[Task directions]
Reproduce exactly, and only, the lines of the material below running from the line bearing "Hi, I'm Elena" through the line bearing "Hobbit was a". Leave any pictures out.

[Raw data]

- - - - -

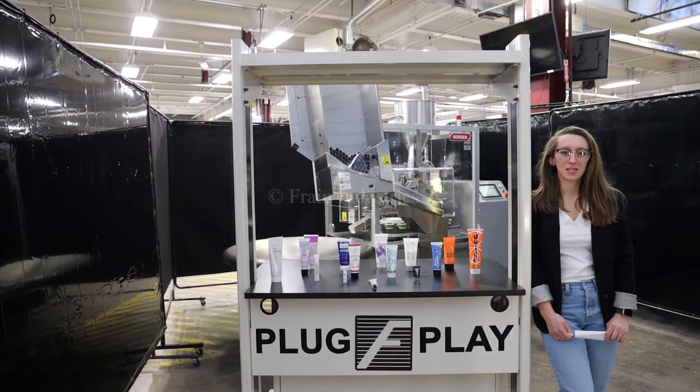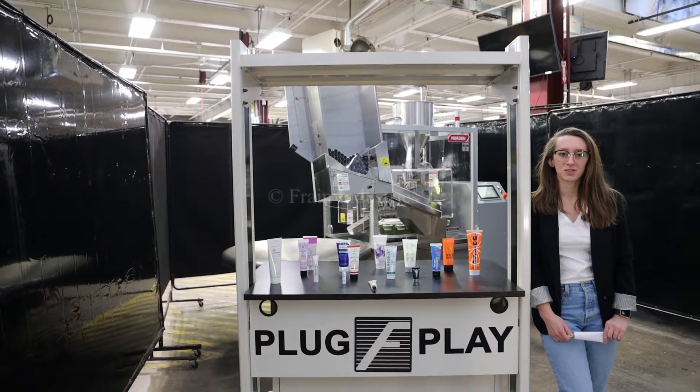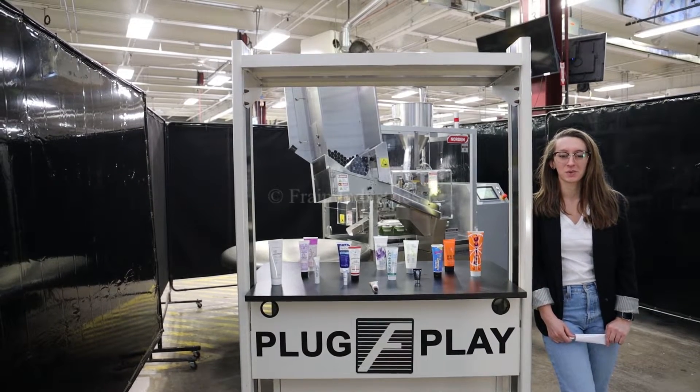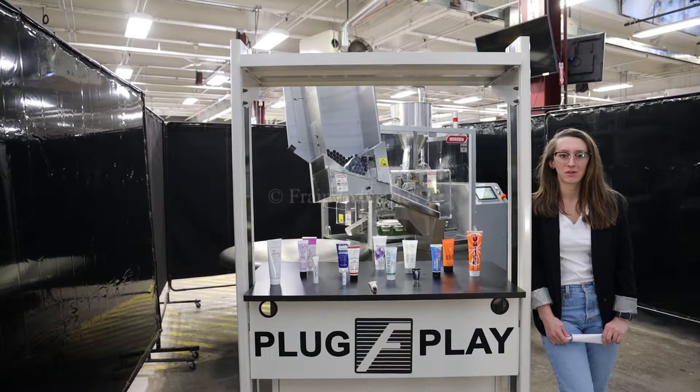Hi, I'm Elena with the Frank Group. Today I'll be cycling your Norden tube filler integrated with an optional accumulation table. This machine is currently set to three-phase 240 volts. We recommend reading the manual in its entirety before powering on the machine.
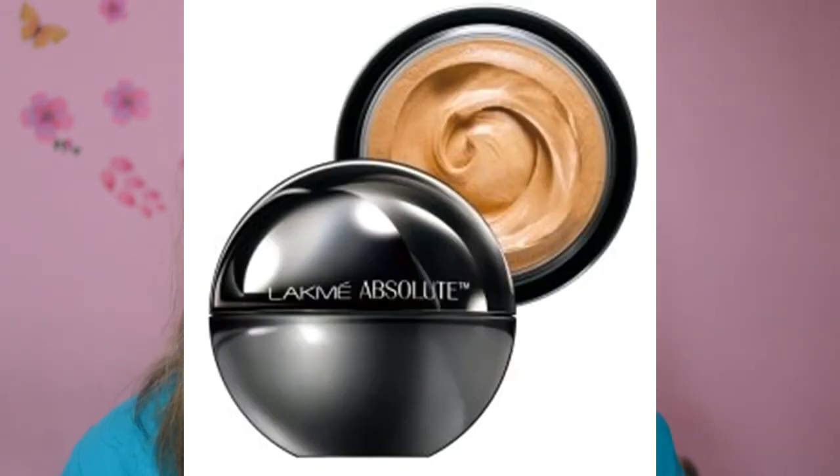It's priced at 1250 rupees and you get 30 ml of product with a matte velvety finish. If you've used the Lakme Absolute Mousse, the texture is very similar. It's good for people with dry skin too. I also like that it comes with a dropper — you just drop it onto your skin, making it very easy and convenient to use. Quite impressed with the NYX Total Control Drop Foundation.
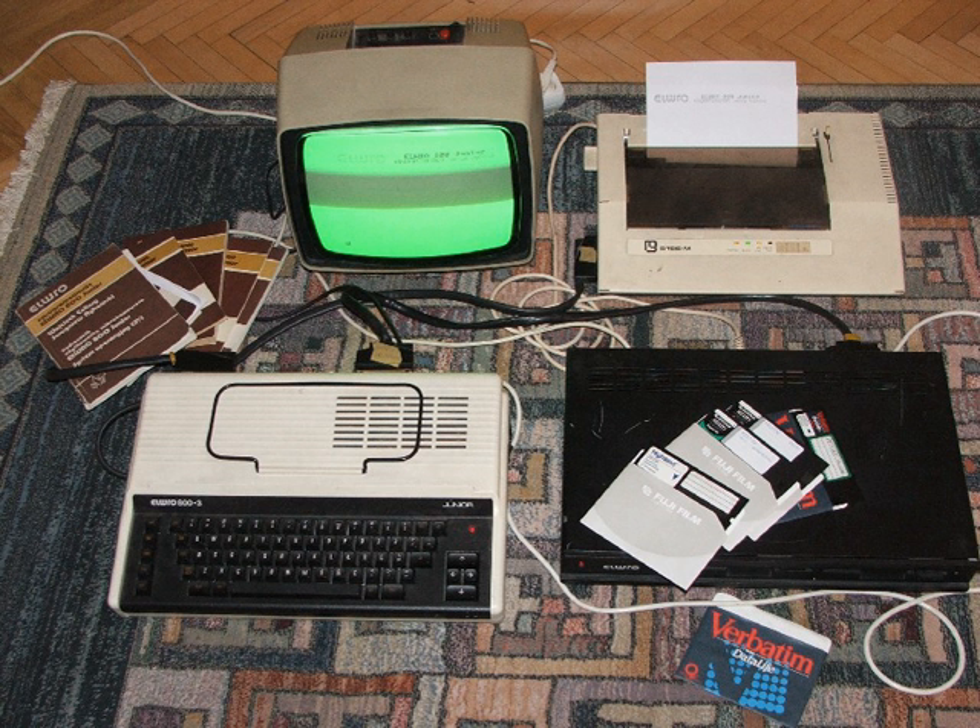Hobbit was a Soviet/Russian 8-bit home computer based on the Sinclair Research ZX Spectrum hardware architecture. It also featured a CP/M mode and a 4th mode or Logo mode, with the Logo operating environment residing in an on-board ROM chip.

- - - - -

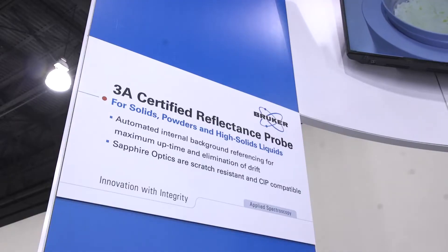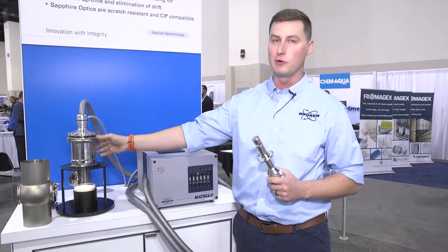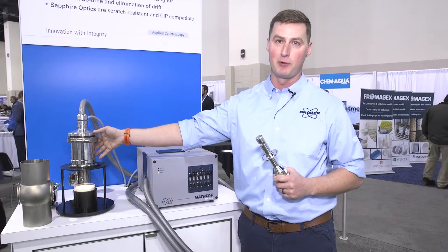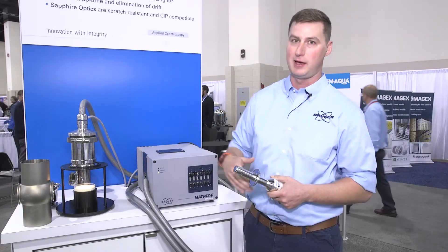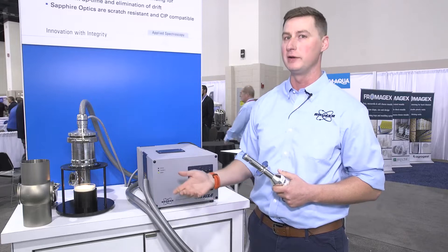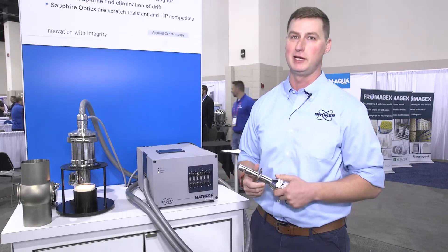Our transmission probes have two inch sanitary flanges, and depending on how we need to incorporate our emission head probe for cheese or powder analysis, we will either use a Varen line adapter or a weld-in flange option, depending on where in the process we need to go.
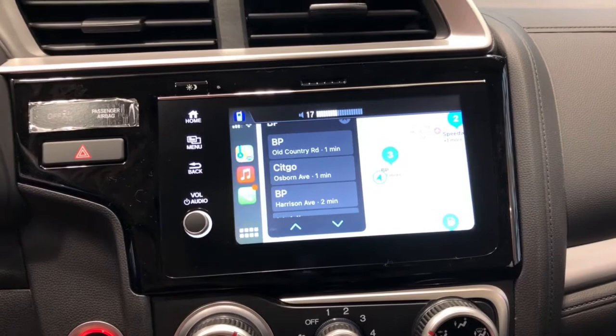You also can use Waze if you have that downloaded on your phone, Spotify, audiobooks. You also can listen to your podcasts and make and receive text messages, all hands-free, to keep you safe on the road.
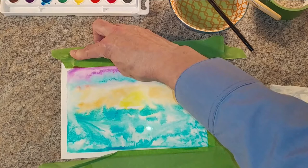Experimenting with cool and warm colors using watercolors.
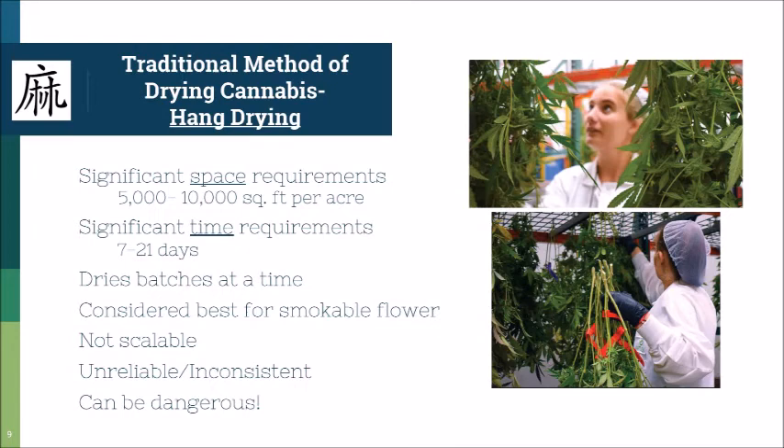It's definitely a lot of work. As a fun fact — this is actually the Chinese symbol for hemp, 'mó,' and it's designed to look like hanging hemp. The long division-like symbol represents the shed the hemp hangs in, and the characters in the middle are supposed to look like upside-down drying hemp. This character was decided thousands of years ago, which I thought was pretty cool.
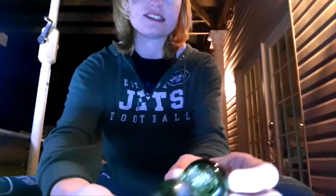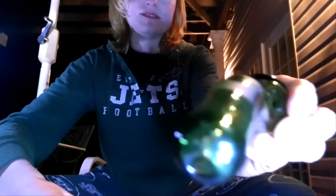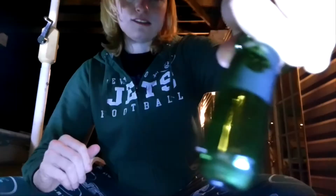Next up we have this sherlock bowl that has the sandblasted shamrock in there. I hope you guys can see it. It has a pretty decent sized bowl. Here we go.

- - - - -

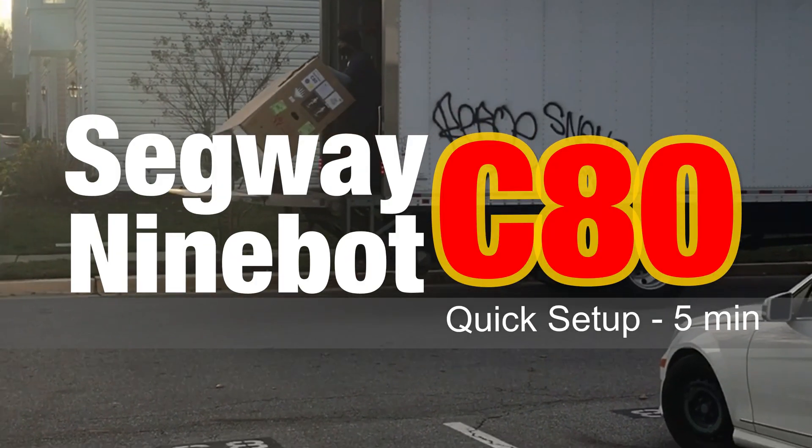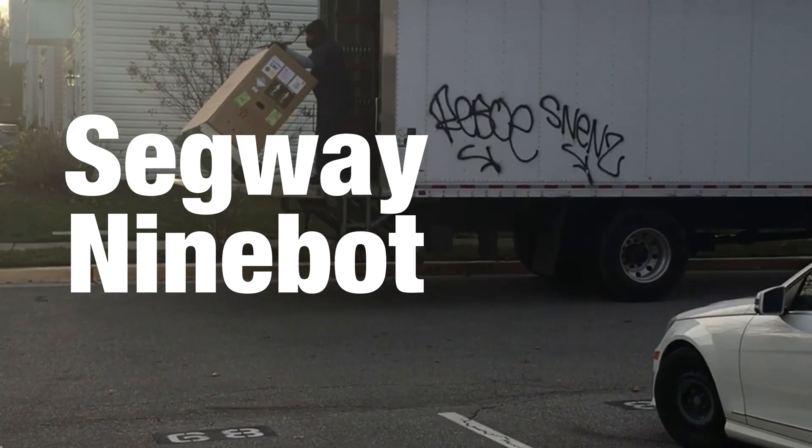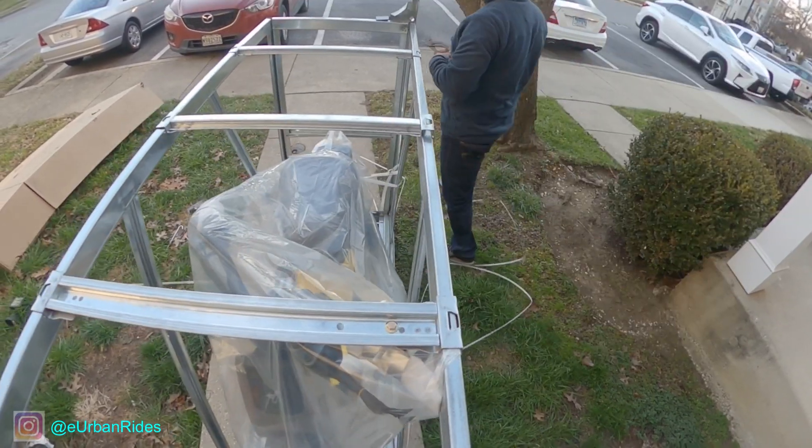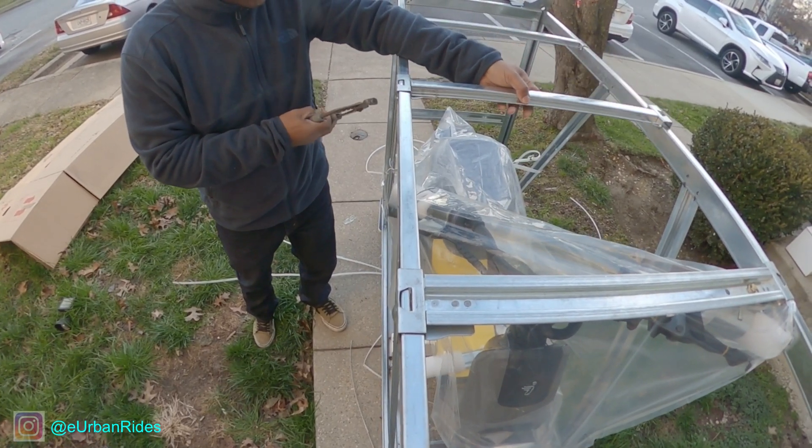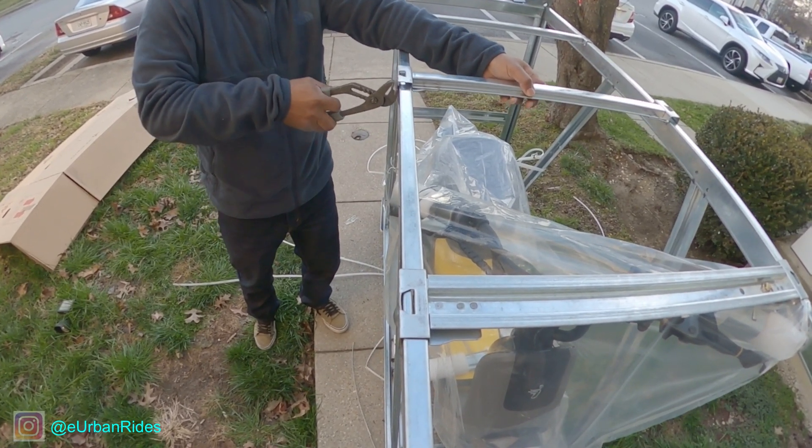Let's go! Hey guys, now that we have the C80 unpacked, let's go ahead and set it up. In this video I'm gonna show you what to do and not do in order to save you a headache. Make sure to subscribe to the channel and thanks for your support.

- - - - -

[Answer to this exercise]
Hi, I'm Elena with the Frank Group. Today I'll be cycling your Norden tube filler integrated with an optional accumulation table. This machine is currently set to three-phase 240 volts. We recommend reading the manual in its entirety before powering on the machine.
It's priced at 1250 rupees and you get 30 ml of product with a matte velvety finish. If you've used the Lakme Absolute Mousse, the texture is very similar. It's good for people with dry skin too. I also like that it comes with a dropper — you just drop it onto your skin, making it very easy and convenient to use. Quite impressed with the NYX Total Control Drop Foundation.
Hobbit was a Soviet/Russian 8-bit home computer based on the Sinclair Research ZX Spectrum hardware architecture. It also featured a CP/M mode and a 4th mode or Logo mode, with the Logo operating environment residing in an on-board ROM chip.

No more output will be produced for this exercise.